Este é o Salmo com a referência mais antiga possível, é um Salmo escrito por Moisés, como podemos ver fala-nos em Oração de Moisés, homem de Deus.
Ele contrasta a eternidade de Deus com a mortalidade humana. O objetivo desta oração é clamar pela misericórdia de Deus sobre os seres humanos que vivem num mundo de pecado.
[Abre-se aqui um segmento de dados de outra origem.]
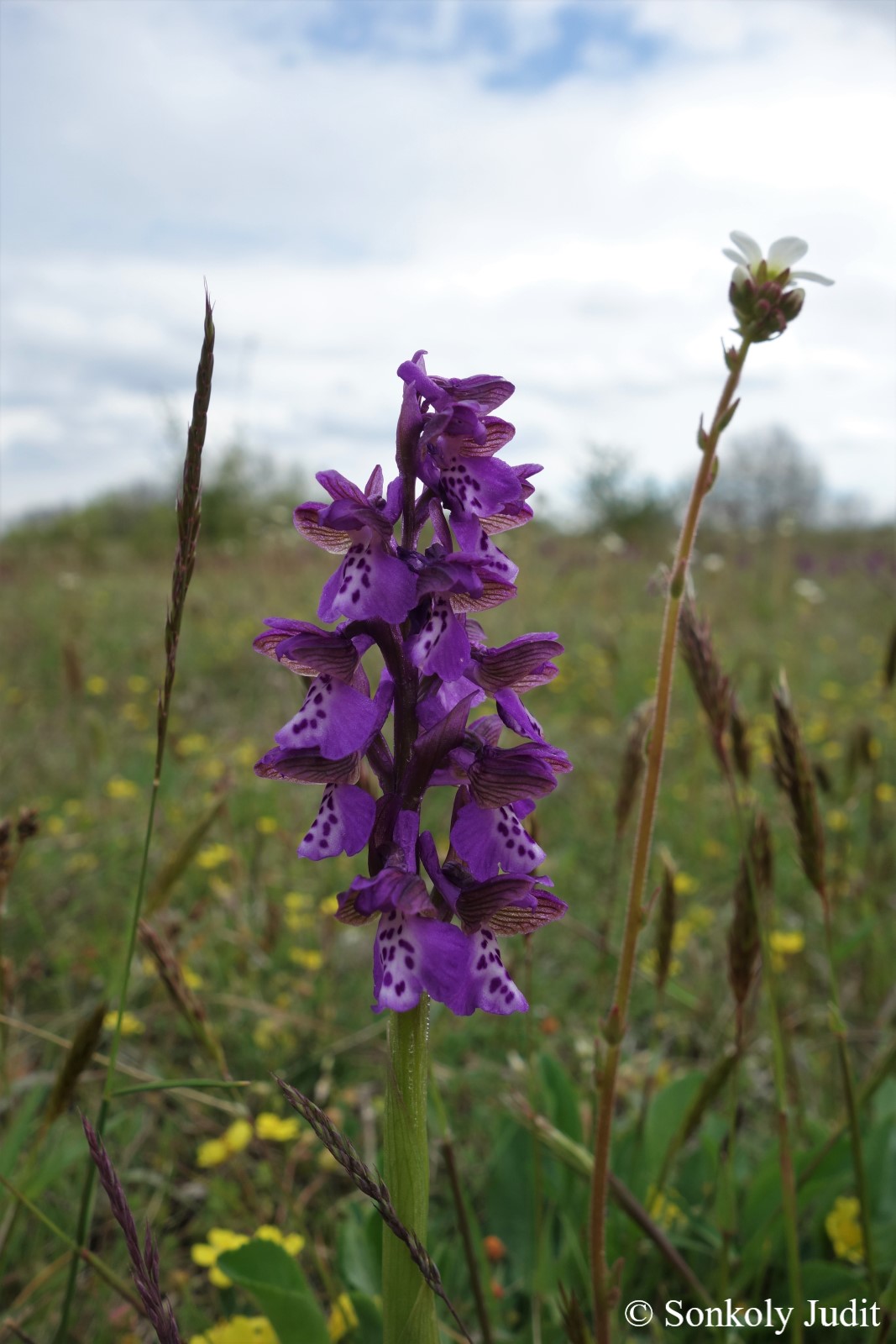 Anacamptis morio (L.) Bateman, Pridgeon et Chase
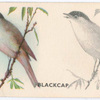 Blackcap.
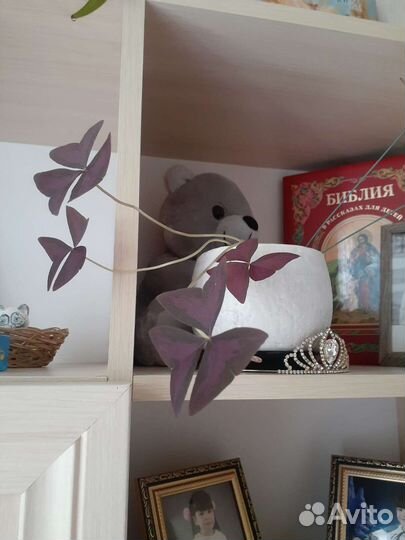 Комнатные цветы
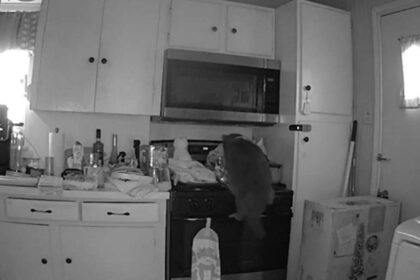Cat caught on camera starting dangerous kitchen fire after jumping on stove and turning on burner
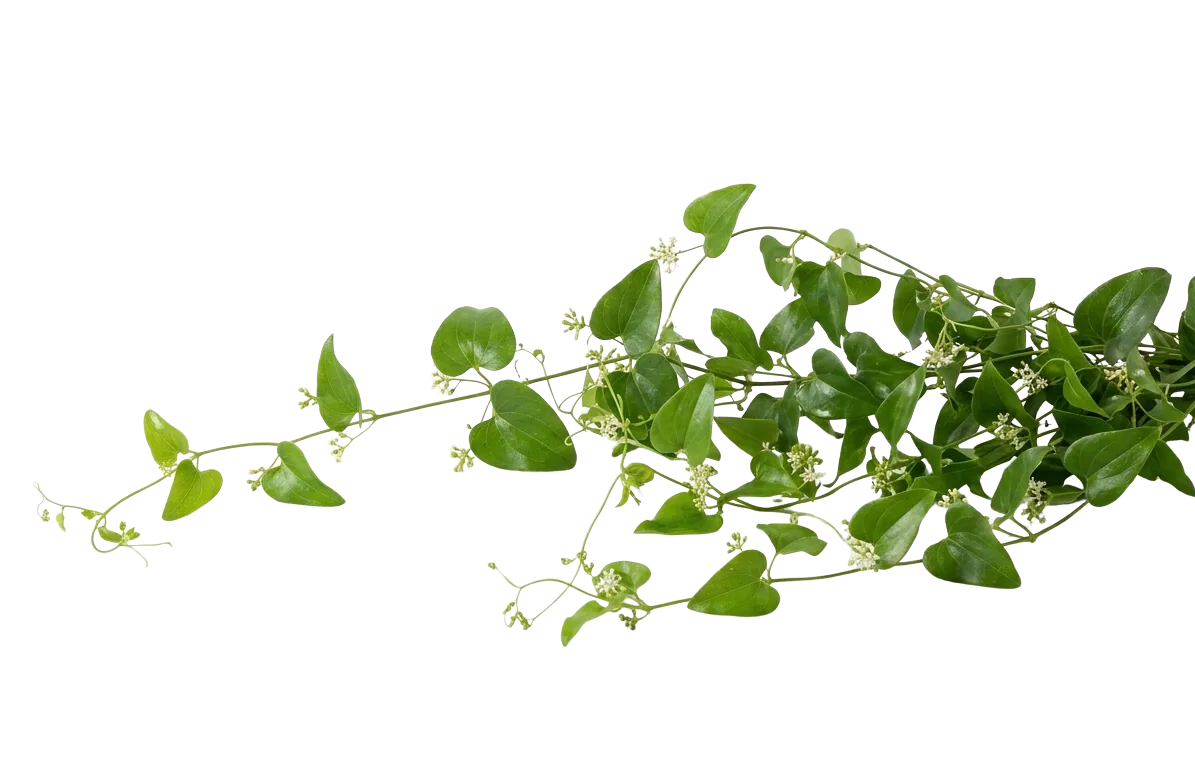 Smilax, green filler / greenery, from curated partner growers in the Ecuadorian and Colombian highlands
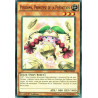 yu-gi-oh-tcg-drl2-fr030-sr-piecorma-princesse-de-la-prediction-les-dragons-de-legende-2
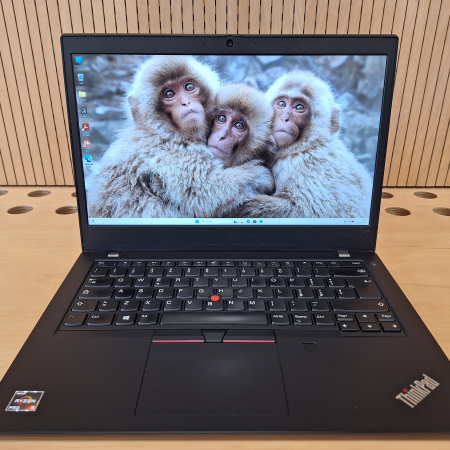 Prenosnik, LENOVO ThinkPad L14 G1... ugodna cena / kvaliteta A-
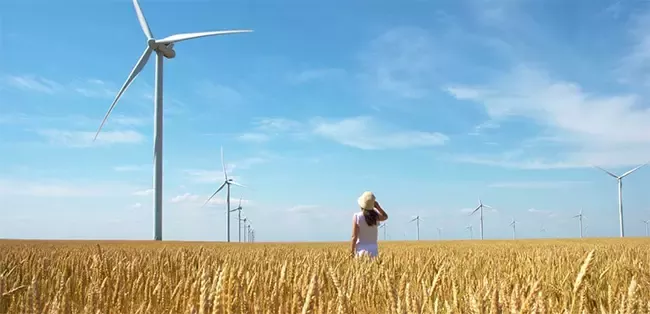 Nestlé joins over 150 corporations to call for a net-zero recovery from COVID-19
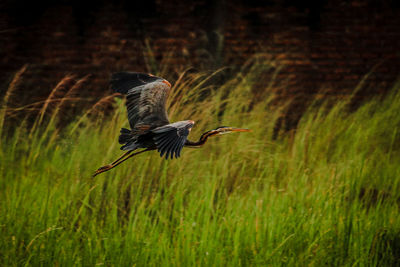 Bird flying over a field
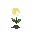 a plant related to moon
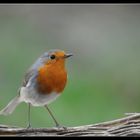 mon ami le rouge gorge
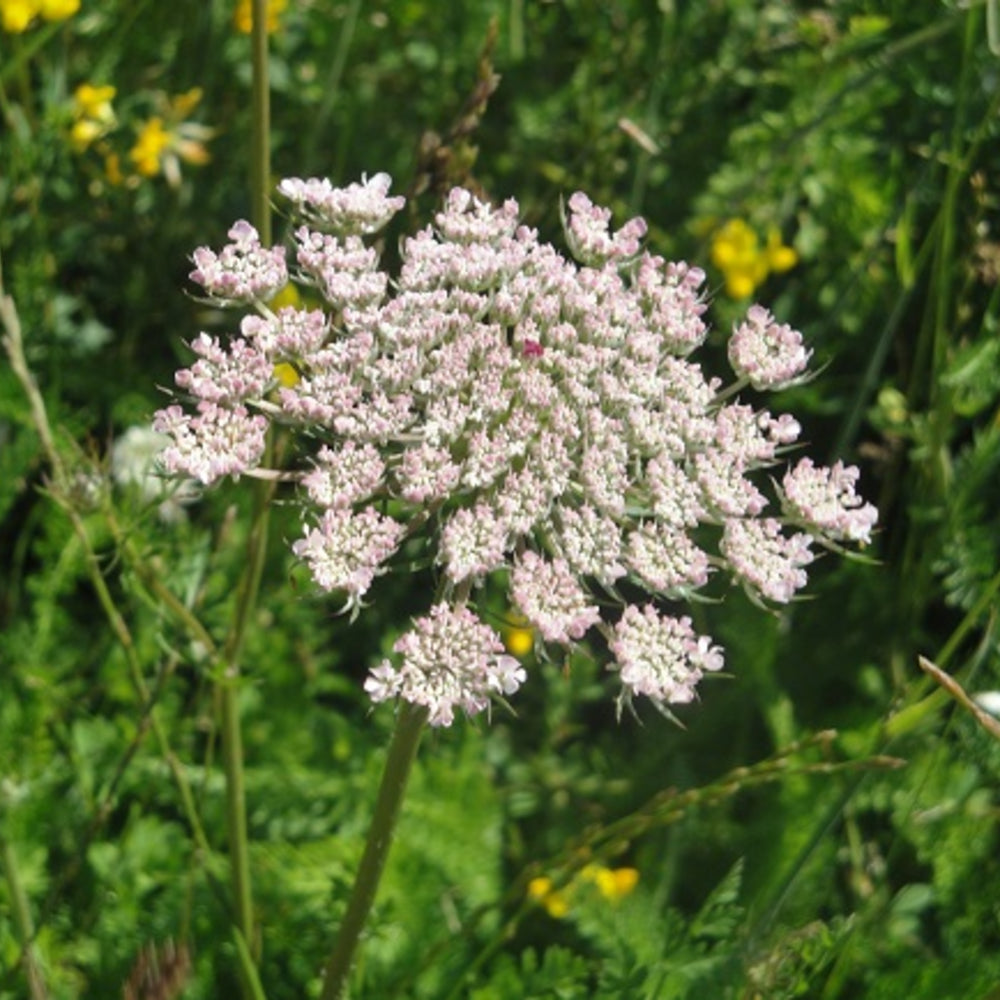 Wildflower Daucus Carota Cap Bishop’s Flower Seeds for Planting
O salmista começa com uma reflexão sobre a eternidade de Deus, então expressa seus pensamentos sombrios sobre as dores e sobre a brevidade da vida e a relação desses temas com a ira de Deus, e termina com um apelo para que Deus capacite o seu povo a desfrutar de uma vida com significado.

Versículos 1- 2

Moisés começa a falar de Deus, e começa a expressar uma metáfora para descrever o que pretende. Começa por falar na eternidade de Deus e na sua auto-existência, ou seja, Deus nunca precisou de ser feito porque sempre existiu, ao contrário de nós que existimos de uma forma derivada, finita e frágil, Deus existe como eterno, auto-suficiente e necessário (a sua existência é necessária porque não há possibilidade dele deixar de existir. No V2 o salmista afirma a existência eterna  de Deus, a obra divina da criação  trouxe à existência o universo inteiro. Pastor Luís Sayão diz: Se existe alguma coisa que permanece da mesma maneira como sempre nós vemos são as montanhas.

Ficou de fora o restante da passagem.